Only one number is wanted: the count of lines in the records below that hold the word "Leather".
Content starts
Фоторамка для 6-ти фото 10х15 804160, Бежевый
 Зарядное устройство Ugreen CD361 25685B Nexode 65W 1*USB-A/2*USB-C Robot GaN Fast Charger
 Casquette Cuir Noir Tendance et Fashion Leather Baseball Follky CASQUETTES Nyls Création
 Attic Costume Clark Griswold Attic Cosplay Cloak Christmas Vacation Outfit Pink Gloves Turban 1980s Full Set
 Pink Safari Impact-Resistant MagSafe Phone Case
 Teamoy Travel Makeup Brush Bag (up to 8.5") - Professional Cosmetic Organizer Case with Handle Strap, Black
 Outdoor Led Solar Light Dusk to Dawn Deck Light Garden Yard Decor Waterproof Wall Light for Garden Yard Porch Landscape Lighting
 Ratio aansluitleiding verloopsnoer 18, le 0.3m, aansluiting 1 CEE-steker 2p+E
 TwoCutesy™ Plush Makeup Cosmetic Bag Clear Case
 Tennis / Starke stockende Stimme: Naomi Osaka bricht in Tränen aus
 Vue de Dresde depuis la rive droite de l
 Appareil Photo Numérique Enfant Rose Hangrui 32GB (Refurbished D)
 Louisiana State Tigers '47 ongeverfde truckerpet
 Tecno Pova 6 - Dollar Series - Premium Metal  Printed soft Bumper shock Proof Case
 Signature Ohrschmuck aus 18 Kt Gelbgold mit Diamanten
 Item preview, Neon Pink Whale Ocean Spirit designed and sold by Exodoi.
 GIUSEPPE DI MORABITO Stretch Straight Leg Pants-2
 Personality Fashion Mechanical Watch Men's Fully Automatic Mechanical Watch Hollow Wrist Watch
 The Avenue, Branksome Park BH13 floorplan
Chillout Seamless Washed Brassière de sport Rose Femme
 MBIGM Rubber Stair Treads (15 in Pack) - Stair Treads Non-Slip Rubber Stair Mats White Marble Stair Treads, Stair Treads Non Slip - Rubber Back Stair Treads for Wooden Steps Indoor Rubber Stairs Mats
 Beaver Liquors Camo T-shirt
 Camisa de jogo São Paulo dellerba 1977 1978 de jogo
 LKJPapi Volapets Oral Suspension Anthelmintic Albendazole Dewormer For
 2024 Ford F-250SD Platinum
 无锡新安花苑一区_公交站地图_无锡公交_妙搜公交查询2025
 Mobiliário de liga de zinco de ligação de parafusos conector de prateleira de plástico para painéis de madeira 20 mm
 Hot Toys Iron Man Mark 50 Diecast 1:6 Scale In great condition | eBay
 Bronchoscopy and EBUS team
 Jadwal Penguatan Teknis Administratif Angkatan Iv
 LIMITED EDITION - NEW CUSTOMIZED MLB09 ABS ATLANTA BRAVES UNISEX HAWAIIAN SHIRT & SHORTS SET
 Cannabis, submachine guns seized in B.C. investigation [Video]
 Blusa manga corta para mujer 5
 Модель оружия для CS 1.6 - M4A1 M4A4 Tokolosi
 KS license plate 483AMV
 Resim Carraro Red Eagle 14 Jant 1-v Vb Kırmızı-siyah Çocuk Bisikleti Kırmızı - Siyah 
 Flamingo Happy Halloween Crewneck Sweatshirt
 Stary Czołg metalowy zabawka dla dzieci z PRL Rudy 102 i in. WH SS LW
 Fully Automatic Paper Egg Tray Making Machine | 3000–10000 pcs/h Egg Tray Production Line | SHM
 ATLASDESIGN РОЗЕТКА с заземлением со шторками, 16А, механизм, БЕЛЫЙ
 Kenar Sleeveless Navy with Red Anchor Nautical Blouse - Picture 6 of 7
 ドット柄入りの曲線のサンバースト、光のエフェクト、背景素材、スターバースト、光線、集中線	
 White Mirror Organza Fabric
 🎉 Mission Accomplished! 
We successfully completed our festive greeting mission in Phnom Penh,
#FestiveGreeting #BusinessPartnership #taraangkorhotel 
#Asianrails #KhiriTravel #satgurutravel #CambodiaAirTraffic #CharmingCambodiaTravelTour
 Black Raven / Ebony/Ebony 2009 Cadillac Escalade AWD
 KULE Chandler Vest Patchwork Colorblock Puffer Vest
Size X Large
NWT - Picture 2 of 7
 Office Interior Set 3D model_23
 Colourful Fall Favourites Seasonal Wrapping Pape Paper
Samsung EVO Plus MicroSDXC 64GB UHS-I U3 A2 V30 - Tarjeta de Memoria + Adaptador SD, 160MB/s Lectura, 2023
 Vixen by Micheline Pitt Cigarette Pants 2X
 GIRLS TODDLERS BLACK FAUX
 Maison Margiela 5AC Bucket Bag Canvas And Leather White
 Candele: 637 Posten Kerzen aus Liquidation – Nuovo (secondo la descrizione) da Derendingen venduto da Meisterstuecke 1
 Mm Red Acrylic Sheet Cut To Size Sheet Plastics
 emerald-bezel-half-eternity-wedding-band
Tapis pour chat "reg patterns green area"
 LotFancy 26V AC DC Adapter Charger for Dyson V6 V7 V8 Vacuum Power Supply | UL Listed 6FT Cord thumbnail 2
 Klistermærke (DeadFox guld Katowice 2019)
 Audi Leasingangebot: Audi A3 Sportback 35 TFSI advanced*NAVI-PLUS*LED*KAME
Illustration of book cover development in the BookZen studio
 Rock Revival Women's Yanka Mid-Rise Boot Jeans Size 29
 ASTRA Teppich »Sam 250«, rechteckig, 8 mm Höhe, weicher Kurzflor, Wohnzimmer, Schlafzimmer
Content ends
» WRITTEN REPLY
2